* What you have to do *
Only the lines from the one containing "Bmw X6 2023" through the last line of the data below belong in your answer, copied exactly and without pictures.

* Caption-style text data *
..............................

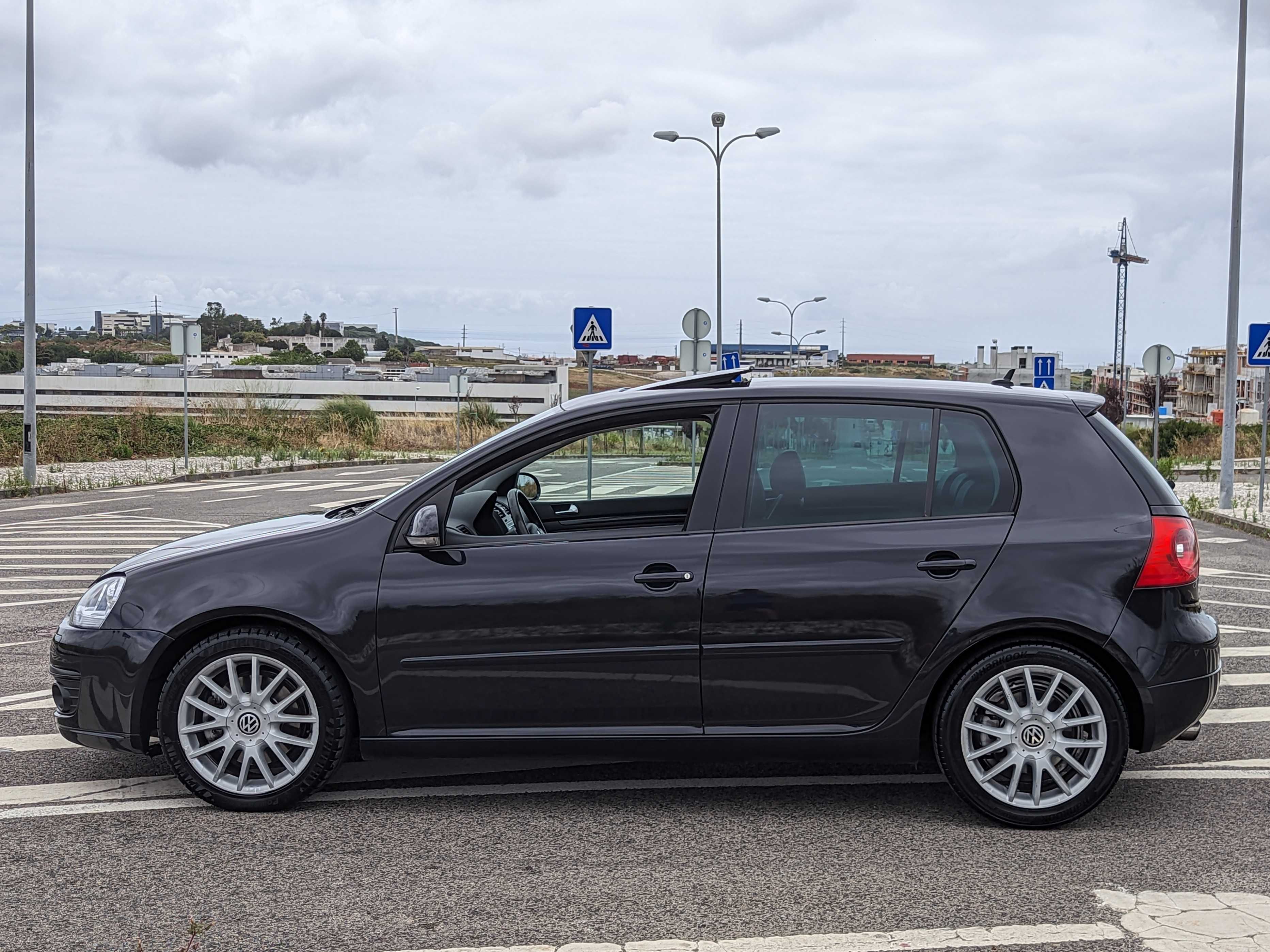 VW Golf V 2.0 TDI 170cv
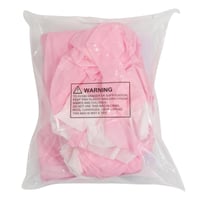 IRETG Nafukovací kostým bábätka pre dospelých ružový - vtipný kostým na oslavu príchodu bábätka (baby shower) a odhalenie pohlavia 4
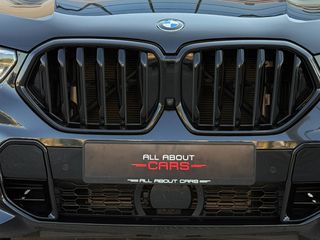 Bmw X6 2023 40d M Packet xDrive / Panorama-thumb-11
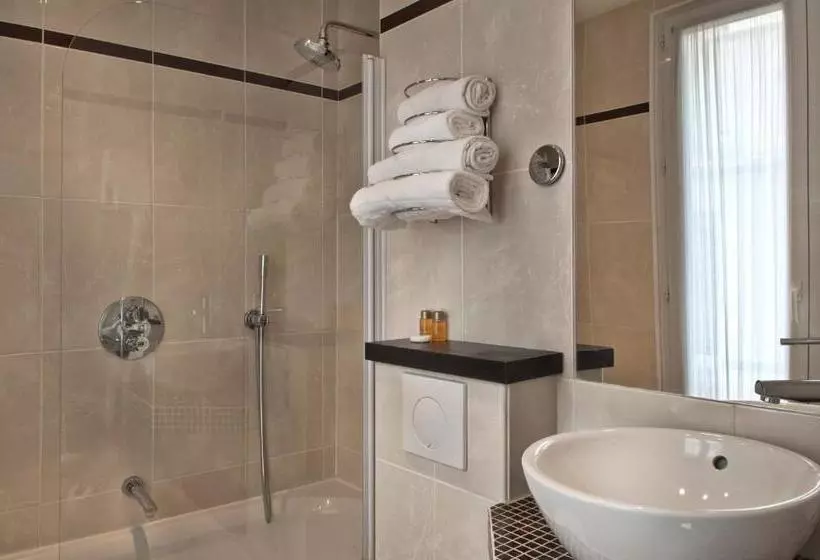 Fotos del hotel Les Hauts De Passy  Trocadero Eiffel:  4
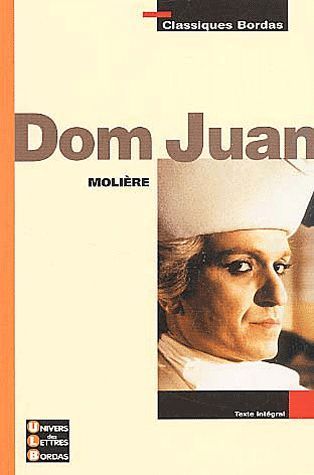 LIVRE Molière Dom juan n°13 2003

..............................

* Result for this exercise *
 Bmw X6 2023 40d M Packet xDrive / Panorama-thumb-11
 Fotos del hotel Les Hauts De Passy  Trocadero Eiffel:  4
 LIVRE Molière Dom juan n°13 2003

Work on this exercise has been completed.